この事例は今年の7月の事例なのだが、駐日米大使のグラス氏が指摘する通り、国際法上許されるべきではない行為なので、これが許される行為だと認識しているのであれば、パイロットは学校で勉強し直すべきだろう。

流石に野党も批判

で、さすがの立憲民主党もダメ出しをした模様。

中国軍機レーダー照射 立民・野田氏「極めて危険」と批判、公明・斉藤氏「冷静に対応を」

2025/12/7 17:34

立憲民主党の野田佳彦代表は7日、中国軍機による航空自衛隊戦闘機へのレーダー照射について「極めて危険な行為で、挑発が過ぎる。日本政府として厳しく抗議すべきだ」と中国側を批判した。一方、公明党の斉藤鉄夫代表は「冷静な対応が必要だ。より大きな紛争、摩擦にならないようにすべきだ」と訴えた。

産経新聞より

珍しく立民野田氏は辛辣である。一方の公明斎藤氏は「れ、冷静な対応を」と。いやもう、それは支那に言えよ。お前が冷静になれって。

オーストラリアから援護射撃

で、支那軍機から割と被害に遭っているオーストラリアから援護射撃があった。

中国軍機レーダー照射 豪国防相「大変憂慮すべき事態」 小泉防衛相「毅然かつ冷静に」

2025/12/7 11:46

オーストラリアのマールズ副首相兼国防相は7日の日豪防衛相会談で、中国軍機による航空自衛隊機へのレーダー照射について、「大変憂慮すべき事態だ。日本と一緒に力を合わせて行動していく」と述べた。ルールに基づいたインド太平洋地域の秩序の重要性を強調し、中国軍の行動に懸念を示した。

産経新聞より

流石にオーストラリアは看過できないだろうね、今までチャフとかばら撒かれて、急接近されて、散々煽られているから。

ただ、これを放置するのもまた宜しくない。

だって、こんな事言いだしているんだよ。

中国軍、レーダー照射巡り反論 「日本の自衛隊機が安全脅かした」

2025/12/7 14:32(最終更新 12/7 21:42)

中国海軍の報道官は7日、沖縄本島南東の公海上空で自衛隊機が中国軍機からレーダー照射を受けたと日本の防衛省が発表したことについて、「日本の自衛隊機が訓練海空域に繰り返し接近し、飛行の安全を脅かした。
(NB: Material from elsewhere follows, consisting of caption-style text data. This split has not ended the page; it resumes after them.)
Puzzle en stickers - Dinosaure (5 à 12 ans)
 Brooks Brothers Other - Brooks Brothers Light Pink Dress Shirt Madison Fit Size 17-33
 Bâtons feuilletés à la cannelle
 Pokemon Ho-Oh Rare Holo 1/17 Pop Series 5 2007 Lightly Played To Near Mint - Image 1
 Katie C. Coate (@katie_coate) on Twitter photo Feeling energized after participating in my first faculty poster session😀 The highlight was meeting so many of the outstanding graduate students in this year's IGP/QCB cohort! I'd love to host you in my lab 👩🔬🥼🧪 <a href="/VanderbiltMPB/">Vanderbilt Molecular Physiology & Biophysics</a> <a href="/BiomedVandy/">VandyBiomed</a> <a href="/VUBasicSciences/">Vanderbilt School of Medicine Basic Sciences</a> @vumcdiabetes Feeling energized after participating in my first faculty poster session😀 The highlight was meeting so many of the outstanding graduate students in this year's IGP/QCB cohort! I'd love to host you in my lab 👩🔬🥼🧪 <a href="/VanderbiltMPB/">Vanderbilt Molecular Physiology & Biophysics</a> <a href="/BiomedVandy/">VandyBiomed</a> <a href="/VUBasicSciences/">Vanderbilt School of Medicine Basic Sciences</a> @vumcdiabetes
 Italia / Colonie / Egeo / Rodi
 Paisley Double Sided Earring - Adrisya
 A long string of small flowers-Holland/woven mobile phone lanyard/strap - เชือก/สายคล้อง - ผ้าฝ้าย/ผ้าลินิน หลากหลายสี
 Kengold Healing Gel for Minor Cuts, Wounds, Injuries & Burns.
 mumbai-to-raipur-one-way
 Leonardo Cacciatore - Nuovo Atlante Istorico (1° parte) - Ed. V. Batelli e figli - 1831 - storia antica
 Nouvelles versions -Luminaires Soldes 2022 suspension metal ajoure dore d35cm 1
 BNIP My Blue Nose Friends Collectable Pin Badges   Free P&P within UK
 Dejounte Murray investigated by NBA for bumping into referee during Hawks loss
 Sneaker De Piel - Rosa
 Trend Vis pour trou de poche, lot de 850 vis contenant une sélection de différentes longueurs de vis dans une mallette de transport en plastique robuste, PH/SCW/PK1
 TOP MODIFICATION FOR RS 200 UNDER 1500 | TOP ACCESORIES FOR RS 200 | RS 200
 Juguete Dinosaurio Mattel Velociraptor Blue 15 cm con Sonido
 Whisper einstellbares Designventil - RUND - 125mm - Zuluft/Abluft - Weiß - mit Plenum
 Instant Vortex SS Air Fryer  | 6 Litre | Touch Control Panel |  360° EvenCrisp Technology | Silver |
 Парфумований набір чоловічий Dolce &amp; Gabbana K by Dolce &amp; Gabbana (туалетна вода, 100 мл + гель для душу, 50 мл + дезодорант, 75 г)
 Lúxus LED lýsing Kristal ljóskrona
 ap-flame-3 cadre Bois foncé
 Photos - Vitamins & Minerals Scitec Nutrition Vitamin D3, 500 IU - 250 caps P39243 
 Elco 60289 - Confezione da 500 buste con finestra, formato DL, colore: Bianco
日本側の誇大宣伝は事実と全く一致していない」と反論した。中国メディアが報じた。

毎日新聞より

まあ、いつものことだよ。自己紹介されてもねぇ。

まとめ

というわけで、支那の挑発は段階を上げてきている。

これが軍部の暴走なのか習近平氏の意図するところかは不明だが、何れにせよ危険な状態に踏み込みつつあることは変わらないだろう。偶発的な衝突に繋がりかねないからだ。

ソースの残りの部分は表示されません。